DATA BLOCK START
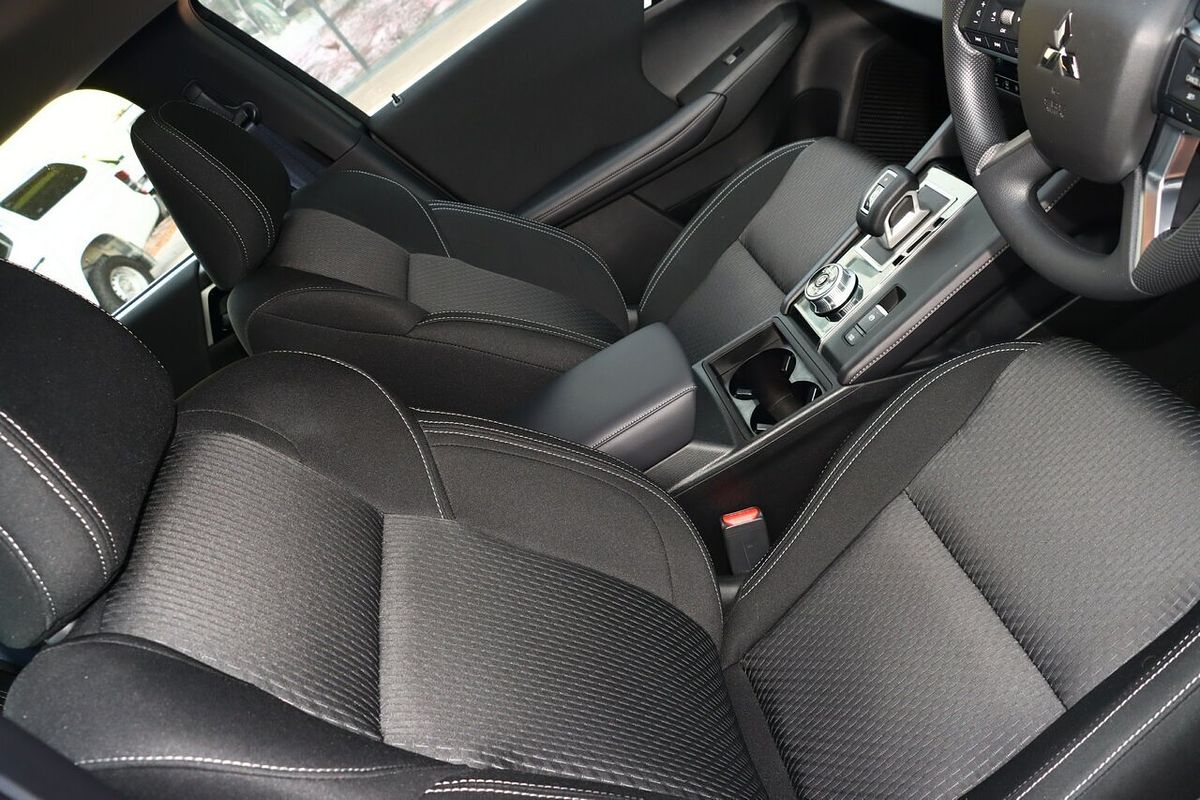 2024 Mitsubishi Outlander ES ZM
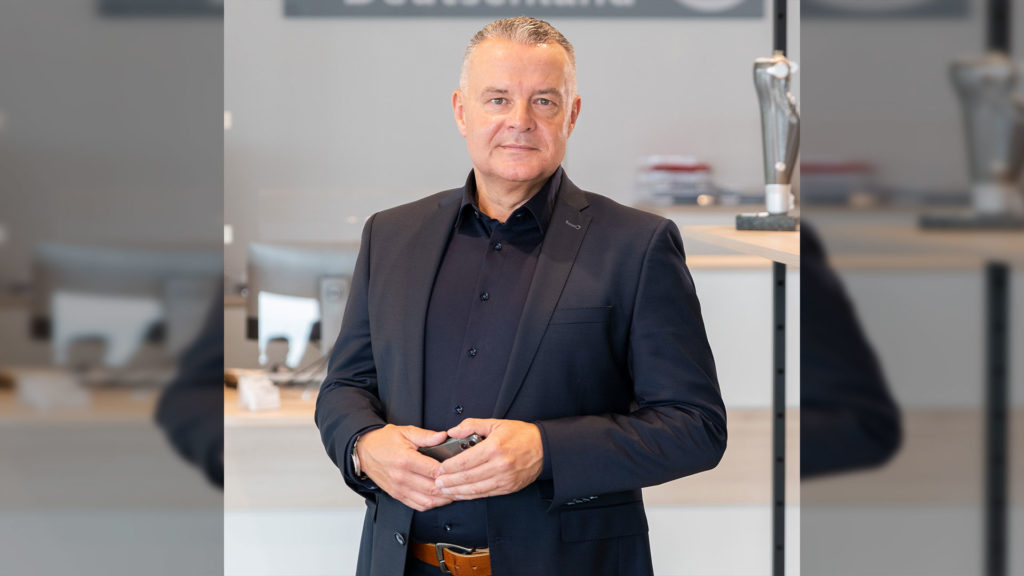 Care Center, Bochum: "Right From The Start, I Knew I Needed To Find A Partner Who Could Handle Everything – From Planning To Implementation To Service And Maintenance," Says Uwe Brockmann, CEO Of Care Center Deutschland GmbH. "Throughout The Entire Project, We Had Fixed Contacts At Ottobock. This Direct Line Of Communication Meant We Were Able To Discuss Details And Resolve Challenges Extremely Quickly And Easily," He Adds.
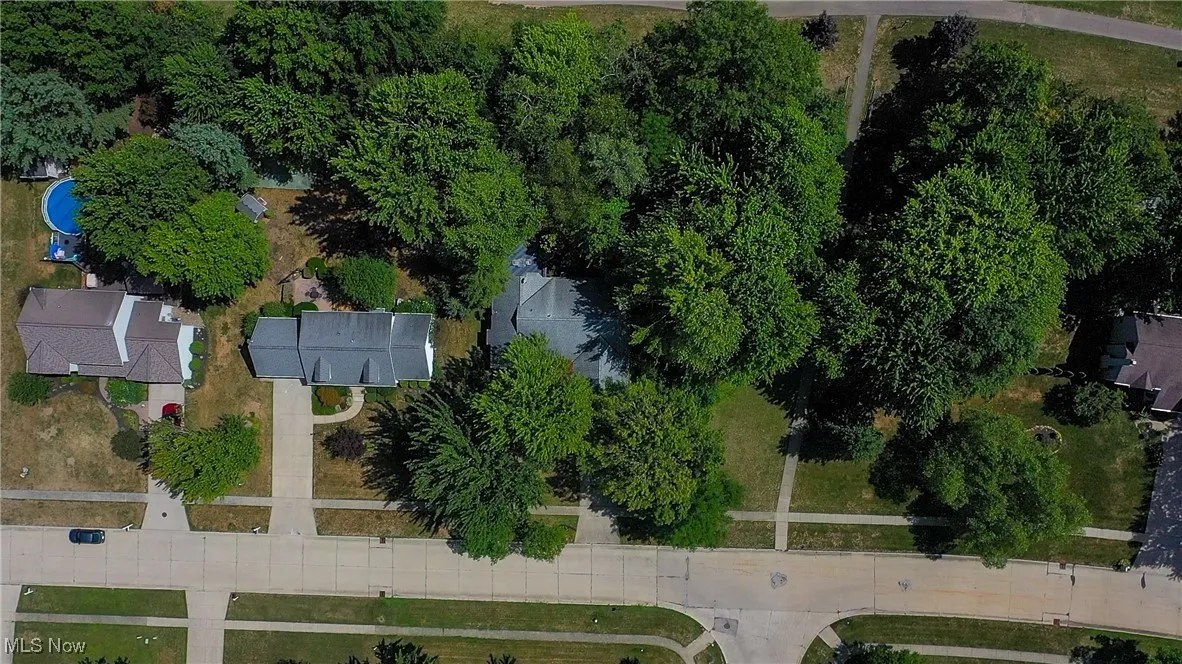 2463 Candlewood Drive, Avon, Ohio 44011,MLS Now Listing ID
DATA BLOCK END
Pictures are not part of the copy. Reproduce the lines from the one with "The Start, I" through the end of the listing above.

■ RESPONSE BOX
 Care Center, Bochum: "Right From The Start, I Knew I Needed To Find A Partner Who Could Handle Everything – From Planning To Implementation To Service And Maintenance," Says Uwe Brockmann, CEO Of Care Center Deutschland GmbH. "Throughout The Entire Project, We Had Fixed Contacts At Ottobock. This Direct Line Of Communication Meant We Were Able To Discuss Details And Resolve Challenges Extremely Quickly And Easily," He Adds.
 2463 Candlewood Drive, Avon, Ohio 44011,MLS Now Listing ID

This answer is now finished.